# Python Fundamentals: Introduction to Pandas

* * * 

<div class="alert alert-success">  
    
### Learning Objectives 
    
* Import libraries in Python.
* Import .csv files into a Pandas `DataFrame`.
* Use common `DataFrame` methods.
* Select rows and columns from a `DataFrame` using conditions.
</div>


### Icons Used In This Notebook
🔔 **Question**: A quick question to help you understand what's going on.<br>
🥊 **Challenge**: Interactive exercise. We'll work through these in the workshop!<br>
⚠️ **Warning**: Heads-up about tricky stuff or common mistakes.<br>
💡 **Tip**: How to do something a bit more efficiently or effectively.<br>
🎬 **Demo**: Showing off something more advanced – so you know what Python can be used for!<br>

### Sections
1. [Libraries](#lib)
2. [Data Frames: Spreadsheets in Python](#df)
3. [Demo: Grouping and Plotting Data Frames](#group)

<a id='lib'></a>

## Libraries

A **library** refers to a reusable chunk of code. Usually, a Python library contains a collection of related functionalities.

We have already been using Python's [standard library](https://docs.python.org/3/library/) - it comes ready and loaded with Python. We've also used `pandas` to work with data frames. Today, we will expand on our Pandas knowledge and do our first data science project.

### Installing libraries

The most common option is to install a library directly using the command line. One way to do this is to go to Jupyter Launcher by clicking on the `+` symbol in the top left of Jupyter Labs, then select Terminal.

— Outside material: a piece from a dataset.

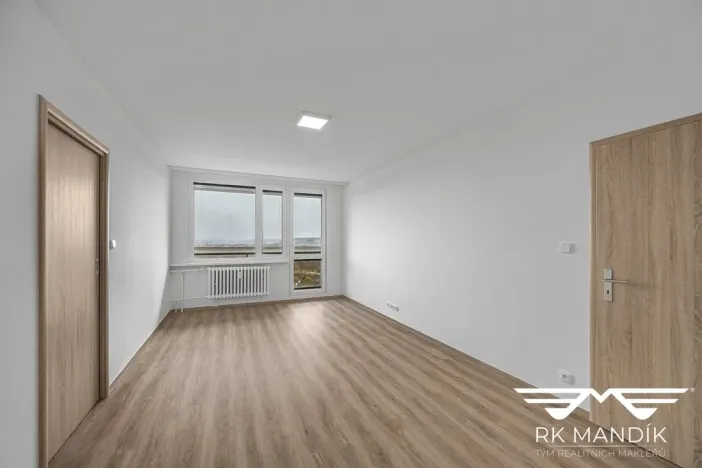 Pronájem bytu 3+1, Praha - Troja, Lublinská, 63 m2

You can then use `pip`, a Python package installer, to install new packages. Simply run `pip install [PACKAGE_NAME]`, and the package will be installed.

💡 **Tip**: You can also install packages within a Jupyter Notebook. Create a new cell, and run the command `!pip install [PACKAGE_NAME]`.


### Importing libraries 
Before we can use a library like Pandas, we have to **import** it into the current session.
Importing is done with the `import` keyword. We simply run `import [PACKAGE_NAME]`, and everything inside the package becomes available to use.

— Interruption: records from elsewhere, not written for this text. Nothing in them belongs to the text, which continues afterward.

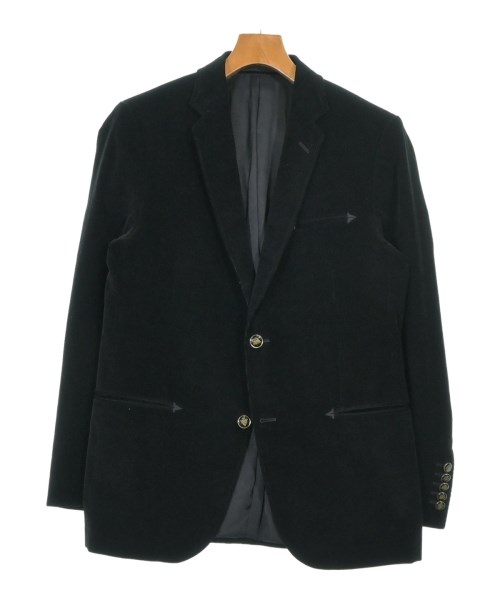 GUCCI(グッチ)テーラードジャケット 黒 サイズ:50(XL位)/2200696291036
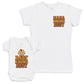 Baby Knows Best - Baby Gift Set - Baby Bodysuit Gift Set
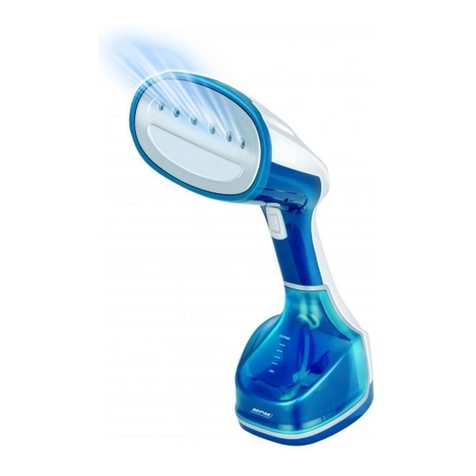 MPM MZP-02 User manual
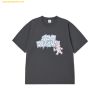 Áo Phông ADLV Ac Bear Spray Short Sleeve T-Shirt Xám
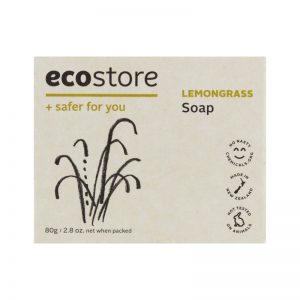 Lemongrass Soap 80g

Let's import the `numpy` module, which has a lot of useful functions for working with numerical data. Let's access a function from this module using dot notation.

In [None]:
import numpy

print('The mean of [1, 4, 5] is:', numpy.mean([1, 4, 5]))

For many packages, like `numpy`, there is an **alias**, or nickname that they are often imported as. For common packages (especially those with long names), it saves a lot of typing when you use a nickname. For example, `numpy` is usually imported as below:

In [None]:
import numpy as np

print('mean of [1, 4, 5] is:', np.mean([1, 4, 5]))

There are very common abbreviations used for some of the more popular libraries, including:

* `pandas` -> `pd`
* `numpy` -> `np`
* `matplotlib` -> `plt`
* `statsmodels.api` -> `sm`

⚠️ **Warning**: Sometimes aliases can make programs harder to understand, since readers must learn your program's aliases. Be very intentional about using aliases!

### Help!

How do we know what we can do with `numpy`? Usually, packages provide **documentation** which explain these components. Let's have a look at the documentation [online](https://docs.python.org/3/library/math.html). 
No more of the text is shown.